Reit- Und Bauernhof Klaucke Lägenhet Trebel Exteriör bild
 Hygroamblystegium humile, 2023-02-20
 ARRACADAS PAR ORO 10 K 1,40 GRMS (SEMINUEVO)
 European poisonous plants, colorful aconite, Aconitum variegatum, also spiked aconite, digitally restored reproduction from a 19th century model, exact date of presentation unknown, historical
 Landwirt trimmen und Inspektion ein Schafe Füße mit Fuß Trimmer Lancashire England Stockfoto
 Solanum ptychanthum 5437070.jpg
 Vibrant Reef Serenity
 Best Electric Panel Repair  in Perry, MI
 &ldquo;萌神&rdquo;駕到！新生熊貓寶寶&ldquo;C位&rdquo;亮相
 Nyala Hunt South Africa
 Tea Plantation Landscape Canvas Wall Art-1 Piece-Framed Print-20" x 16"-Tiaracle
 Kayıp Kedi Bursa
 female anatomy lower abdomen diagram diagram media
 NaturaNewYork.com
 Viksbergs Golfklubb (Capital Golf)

________________________

**EXERCISE PROMPT:**
In full and without alteration, copy the entries.

**WRITTEN ANSWER:**
Reit- Und Bauernhof Klaucke Lägenhet Trebel Exteriör bild
 Hygroamblystegium humile, 2023-02-20
 ARRACADAS PAR ORO 10 K 1,40 GRMS (SEMINUEVO)
 European poisonous plants, colorful aconite, Aconitum variegatum, also spiked aconite, digitally restored reproduction from a 19th century model, exact date of presentation unknown, historical
 Landwirt trimmen und Inspektion ein Schafe Füße mit Fuß Trimmer Lancashire England Stockfoto
 Solanum ptychanthum 5437070.jpg
 Vibrant Reef Serenity
 Best Electric Panel Repair  in Perry, MI
 &ldquo;萌神&rdquo;駕到！新生熊貓寶寶&ldquo;C位&rdquo;亮相
 Nyala Hunt South Africa
 Tea Plantation Landscape Canvas Wall Art-1 Piece-Framed Print-20" x 16"-Tiaracle
 Kayıp Kedi Bursa
 female anatomy lower abdomen diagram diagram media
 NaturaNewYork.com
 Viksbergs Golfklubb (Capital Golf)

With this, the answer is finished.